I need to speed up downloading a large file and I'm using multiple connections for that. I'm using a single goroutine with access to disk and it receives data from multiple goroutines using a channel, as I was advised here.

    file, _ := os.Create(filename)
    down.destination = file
    for info := range down.copyInfo {
        down.destination.Seek(info.start, 0)
        io.CopyN(down.destination, info.from, info.length)
        }
    }

The problem is, seeking, when used repeatedly, on a large file, seems to make the operation slower. When info.length is larger, it has to seek less number of times, and it seems to do the job faster. But I need to make info.length smaller. Is there a way to make seeking faster? Or should I just download each part to separate temp files and concatenate them at last?

K1DV5
  • 61
  • 1
  • 6
  • 5
    Is your connection speed higher than sequential write disk speed? – zerkms Nov 15 '20 at 09:13
  • 1
    You seem to be answering your own question. The best way to determine if something makes your program slower, is to isolate it and test yourself (which you have seemingly done). – Hymns For Disco Nov 15 '20 at 09:14
  • this answer seems relevant to your question https://stackoverflow.com/a/34667877/4466350 –  Nov 15 '20 at 09:19
  • @zerkms No. But the writing is not sequential. One write may be for a chunk at the start of the file, the next may be at the end, or anywhere in between. – K1DV5 Nov 15 '20 at 09:57
  • @mh-cbon Thank you. That is the sort of information I needed. – K1DV5 Nov 15 '20 at 09:58

1 Answers1

2

A seek itself does not do any I/O but just sets the position in the file for the next read or write. The number of seeks by themselves thus likely don't matter. This can also be easily be tested by adding dummy seeks without any following read or write operation.
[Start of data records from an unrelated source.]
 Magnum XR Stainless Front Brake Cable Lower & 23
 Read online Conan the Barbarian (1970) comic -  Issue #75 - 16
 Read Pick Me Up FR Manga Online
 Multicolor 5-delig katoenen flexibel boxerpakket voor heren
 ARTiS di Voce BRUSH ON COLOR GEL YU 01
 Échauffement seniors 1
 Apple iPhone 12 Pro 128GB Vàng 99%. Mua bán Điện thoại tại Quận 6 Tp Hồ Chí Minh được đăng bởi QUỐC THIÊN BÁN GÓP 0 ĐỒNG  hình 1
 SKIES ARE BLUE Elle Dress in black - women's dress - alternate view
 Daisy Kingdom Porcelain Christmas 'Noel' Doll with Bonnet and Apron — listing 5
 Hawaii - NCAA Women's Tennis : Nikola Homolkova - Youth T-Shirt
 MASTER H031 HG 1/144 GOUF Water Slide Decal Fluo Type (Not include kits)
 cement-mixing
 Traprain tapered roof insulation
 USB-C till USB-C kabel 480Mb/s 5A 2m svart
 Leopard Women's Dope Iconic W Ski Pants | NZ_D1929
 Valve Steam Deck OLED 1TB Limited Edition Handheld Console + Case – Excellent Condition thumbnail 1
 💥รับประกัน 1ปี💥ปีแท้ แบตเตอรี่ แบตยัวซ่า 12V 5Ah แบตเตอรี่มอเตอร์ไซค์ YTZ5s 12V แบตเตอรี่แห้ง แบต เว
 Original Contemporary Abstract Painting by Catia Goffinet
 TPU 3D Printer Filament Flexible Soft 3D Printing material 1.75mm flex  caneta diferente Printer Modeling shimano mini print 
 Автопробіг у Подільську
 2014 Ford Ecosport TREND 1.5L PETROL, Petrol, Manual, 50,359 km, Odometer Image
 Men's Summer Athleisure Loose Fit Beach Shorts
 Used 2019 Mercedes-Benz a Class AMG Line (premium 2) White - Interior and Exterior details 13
The problem is likely not the number of seeks but the number of write operations. With many small fragments it will need more I/O operations to write the data than with a few large fragments. And each of these I/O operations has a significant overhead. There is the overhead of the system call itself. Then there might be overhead if the fragment is not aligned at the block boundaries of the underlying storage. And it might be overhead with rotating disk to position to the actual sector.

Steffen Ullrich
  • 114,247
  • 10
  • 131
  • 172